Where do credit unions come from?
So, where exactly do credit unions come from?!
A history lesson from the Credit Union Advocacy Committee...
Let’s go way back to the year 1864. Like many parts of the world during this time, Germany was experiencing economic hardship. In particular, rural farmers were struggling to afford to keep their farms running. They needed help in order to end their cycle with loan sharks, who were taking advantage of farmers with little capital and limited resources.
Within recent years, the concept of a “cooperative” was gaining in popularity in Europe. Cooperative mills and bakeries had already taken hold. The farming industry took note and this is when the first credit union was formed. The goal was to establish a safe place to save money and take out loans together, as an industry.
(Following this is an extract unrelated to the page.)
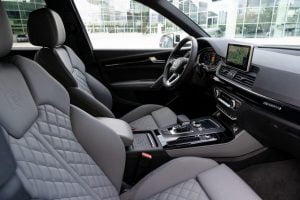 Q5 TFSI e interior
The principles upon which this credit union was built, such as volunteerism, self-help, and consideration of a person’s character as well as their net worth, were the building blocks on which the credit union movement was built.
Eventually, the concept of this cooperative credit union in Germany caught on to other parts of the world. It wasn’t until 1909 that the first credit union was established in the United States, again on the premise to give working class people the opportunity to break free from unfair interest rates and promote thrift and affordable access to credit.
For the next 25 years, the founding fathers of the credit union movement in the United States worked to establish credit unions throughout the country. In 1934, President Roosevelt signed the Federal Credit Union Act into law, which set in motion the credit union industry that we know and love today!